(Source records)
......

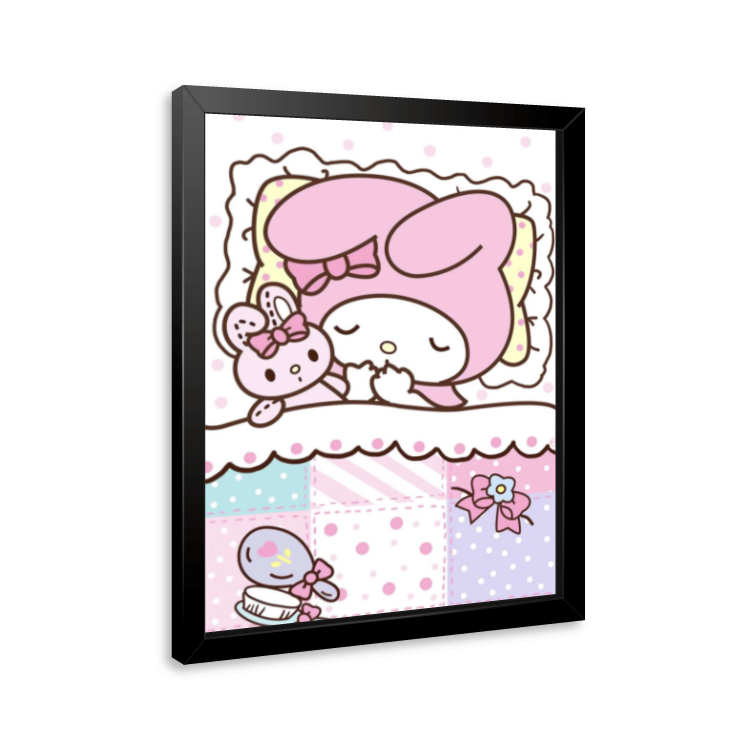 Quadro e poster My Melody Dormindo - Quadrorama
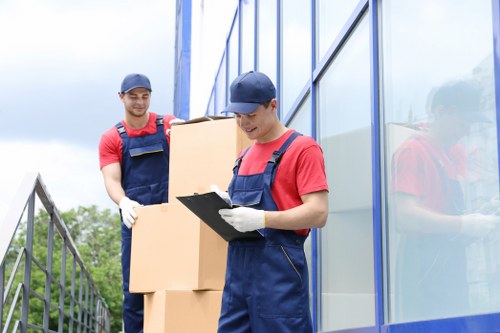 Customer removing items from a storage unit at the end of agreement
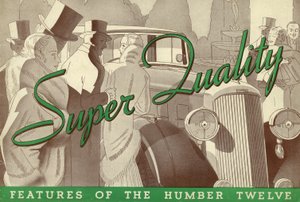 Folleto de Ventas de Humber Twelve de 1934 de Unbekannt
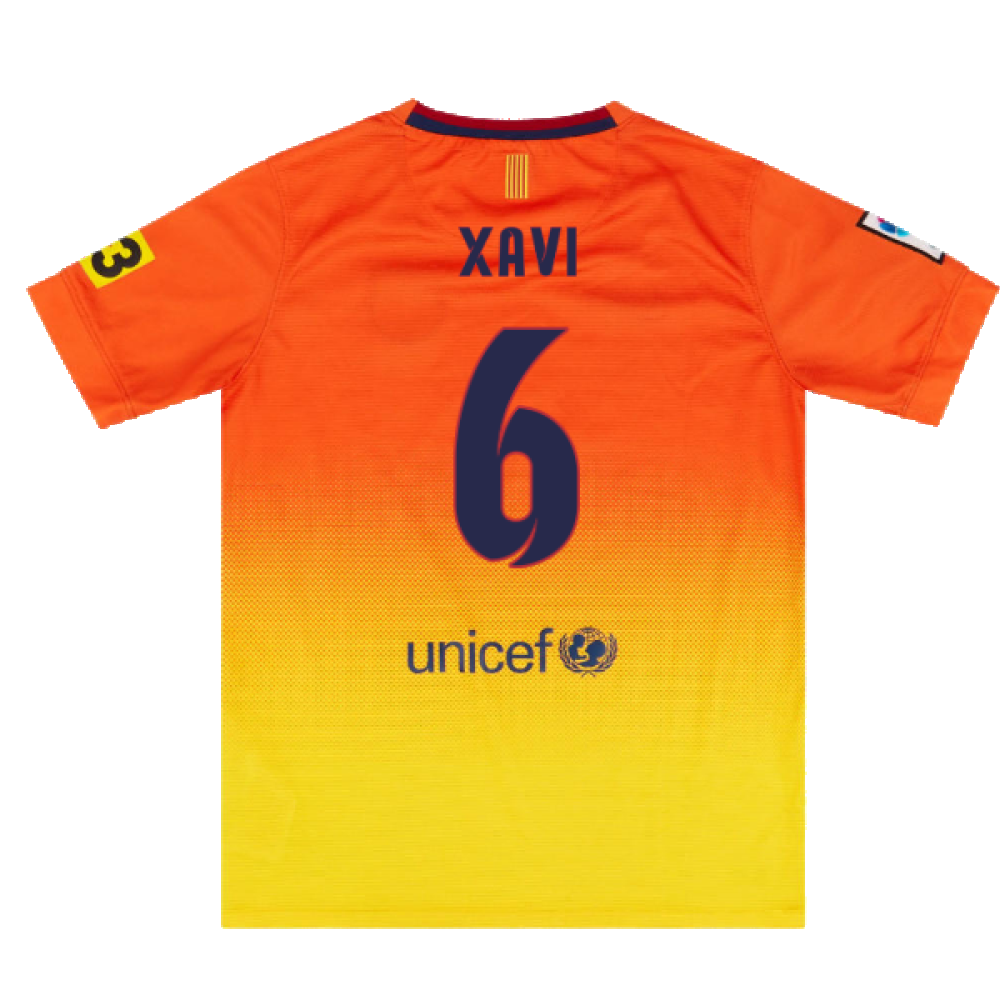 Barcelona 2012-13 Away Shirt (XL) (Very Good) (Xavi 6)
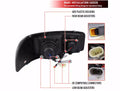 DENALI PROJECTOR HEADLIGHTS WITH CHROME HOUSING CLEAR LENS AND AMBER REFLECTOR
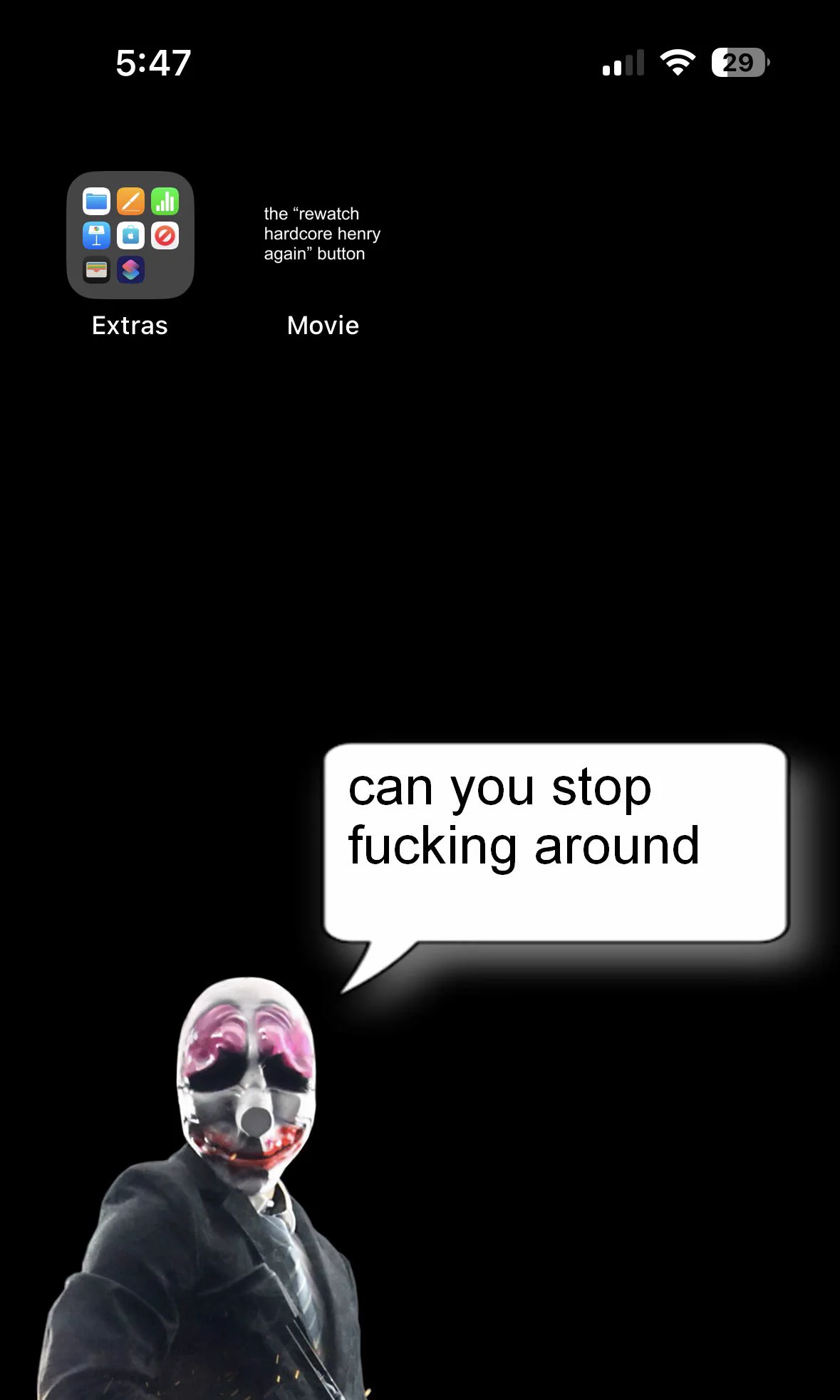thought it was funny to have a dedicated home screen button for an app ...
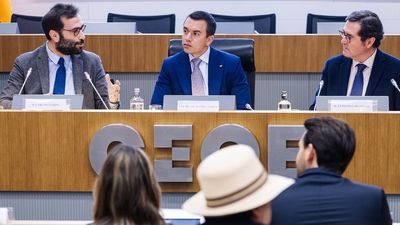 Cuerpo y Garamendi trasladan su apoyo al presidente de Ecuador y destacan "los fuertes lazos" con España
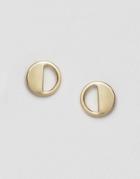 Pieces Mathilde Cutout Stud Earrings - Gold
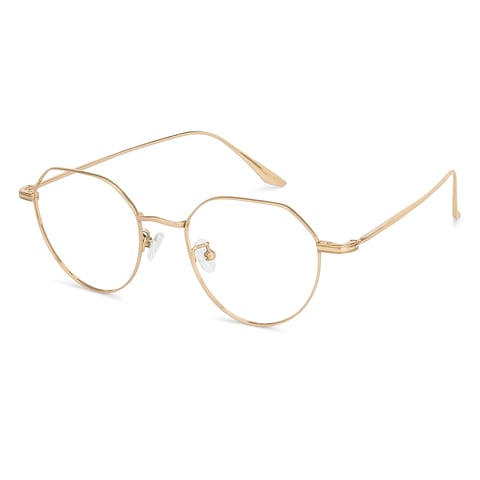 John Jacobs Online Gold Full Rim Geometric left side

......

:: Task prompt ::
Repeat the lines exactly, starting with the line that contains "Cuerpo y Garamendi" and ending with the last line of the entries. Keep both of those lines but no pictures.

:: Response to this exercise ::
 Cuerpo y Garamendi trasladan su apoyo al presidente de Ecuador y destacan "los fuertes lazos" con España
 Pieces Mathilde Cutout Stud Earrings - Gold
 John Jacobs Online Gold Full Rim Geometric left side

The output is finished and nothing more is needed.